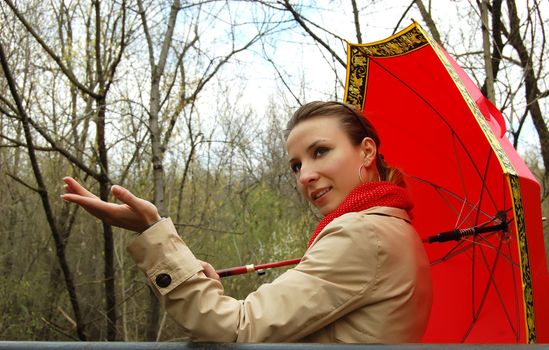 woman with red umbrella checking if it's raining
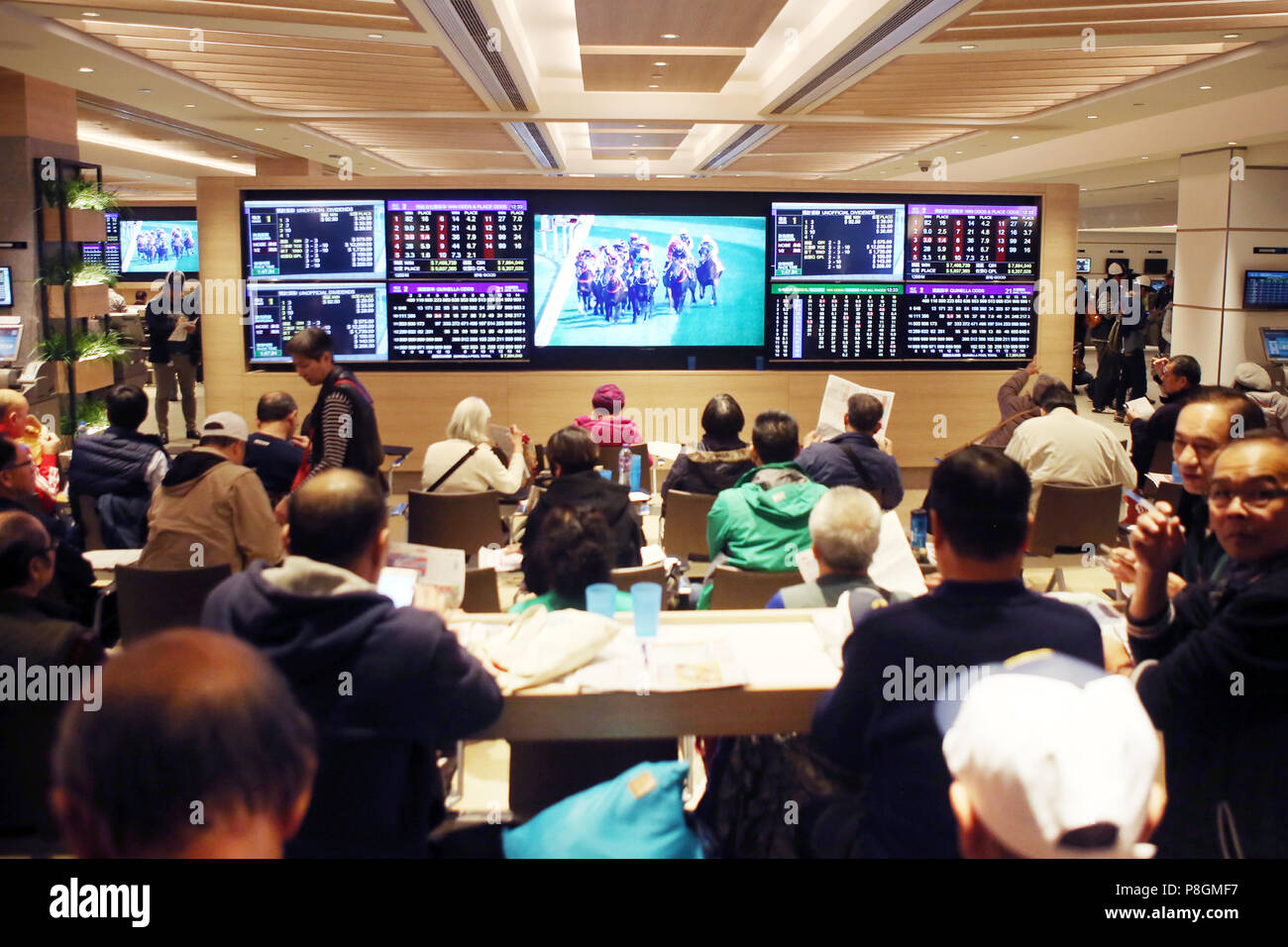 Hong Kong, China, people in a betting hall of the racecourse Sha Tin Stock Photo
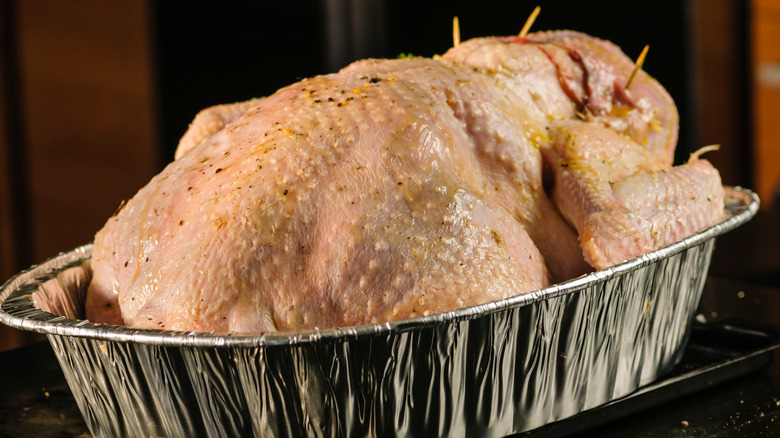 upside down raw turkey in foil  pan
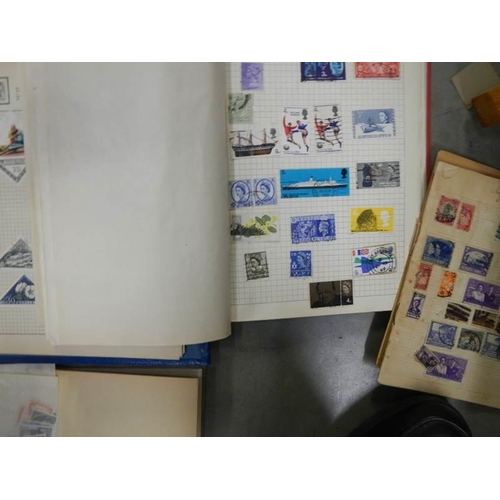 864 - A quantity of stamp albums with stamps.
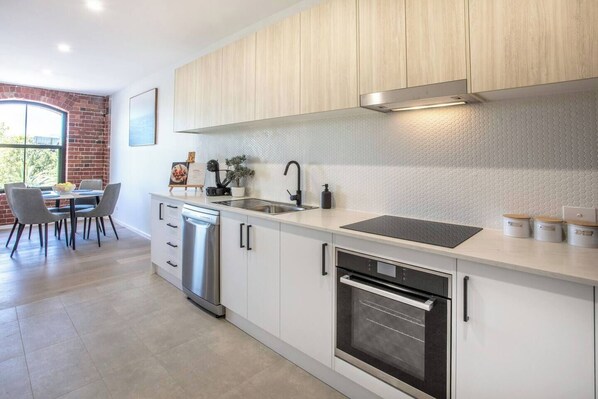 A modern kitchen with white cabinets, stainless steel appliances, and a large window.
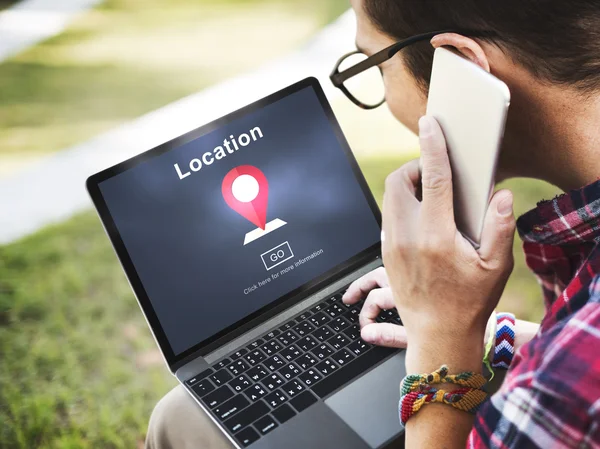 Man using digital devices, surfing the internet on laptop and speaking on the phone — Stock Photo, Image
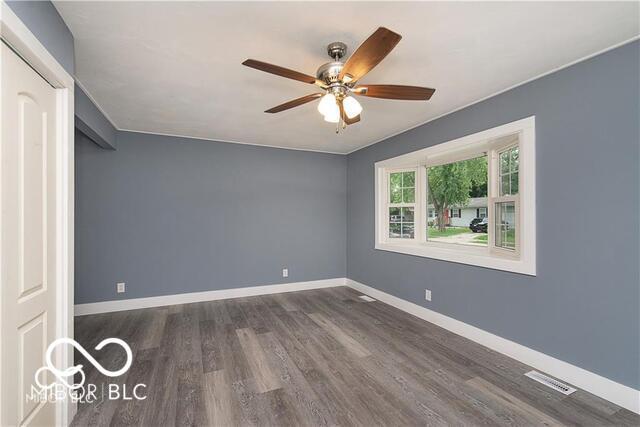 unfurnished bedroom featuring dark hardwood / wood-style floors and ceiling fan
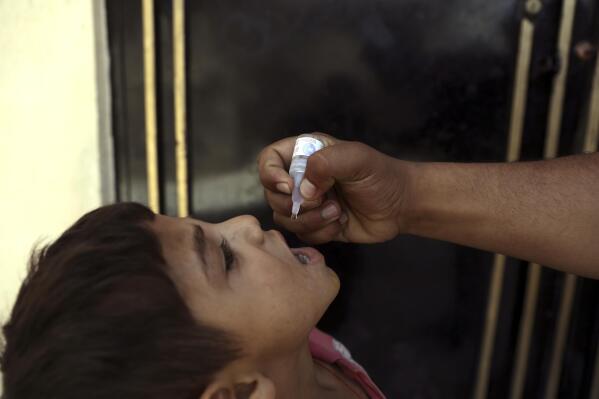 A health worker administers a vaccination to a child during a polio campaign in the old part of Kabul, Afghanistan, Tuesday, June 15, 2021. Gunmen on Tuesday targeted members of polio teams in eastern Afghanistan, killing some staffers, officials said. (AP Photo/Rahmat Gul)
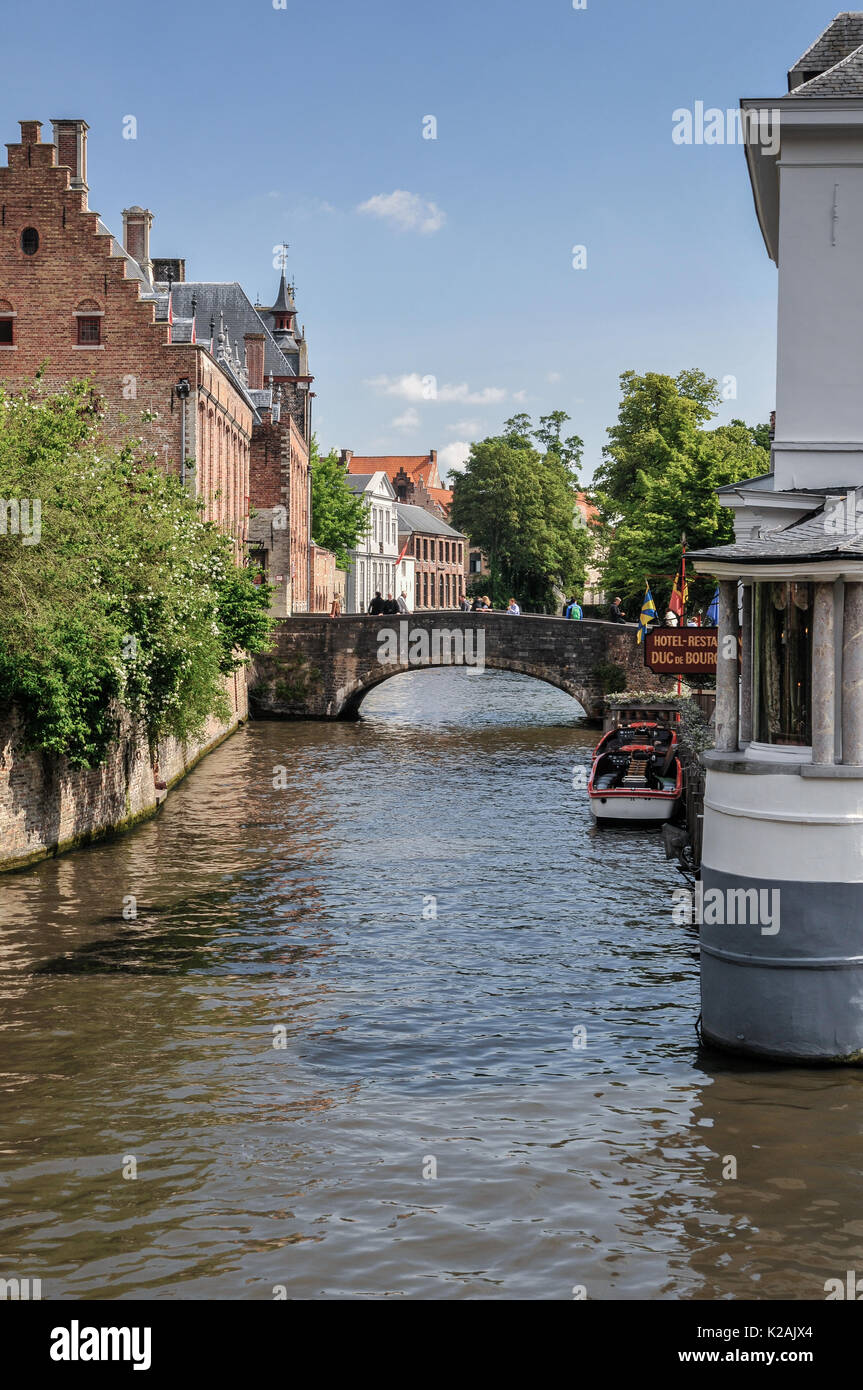 I turisti su un ponte su un tranquillo canale stretto con la barca ormeggiata nel medioevo West Flanders città di Brugge / Bruges in Belgio. Foto Stock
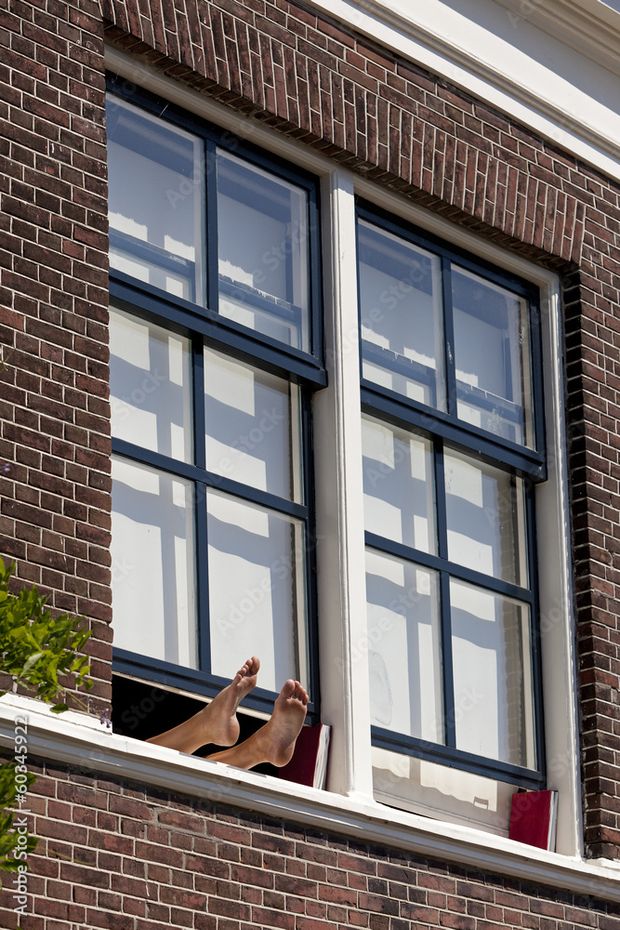 Bare feet out window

- - -

## Problem
I would like the material repeated in full and exactly, with its images omitted.

## Exercise response
 woman with red umbrella checking if it's raining
 Hong Kong, China, people in a betting hall of the racecourse Sha Tin Stock Photo
 upside down raw turkey in foil  pan
 864 - A quantity of stamp albums with stamps.
 A modern kitchen with white cabinets, stainless steel appliances, and a large window.
 Man using digital devices, surfing the internet on laptop and speaking on the phone — Stock Photo, Image
 unfurnished bedroom featuring dark hardwood / wood-style floors and ceiling fan
 A health worker administers a vaccination to a child during a polio campaign in the old part of Kabul, Afghanistan, Tuesday, June 15, 2021. Gunmen on Tuesday targeted members of polio teams in eastern Afghanistan, killing some staffers, officials said. (AP Photo/Rahmat Gul)
 I turisti su un ponte su un tranquillo canale stretto con la barca ormeggiata nel medioevo West Flanders città di Brugge / Bruges in Belgio. Foto Stock
 Bare feet out window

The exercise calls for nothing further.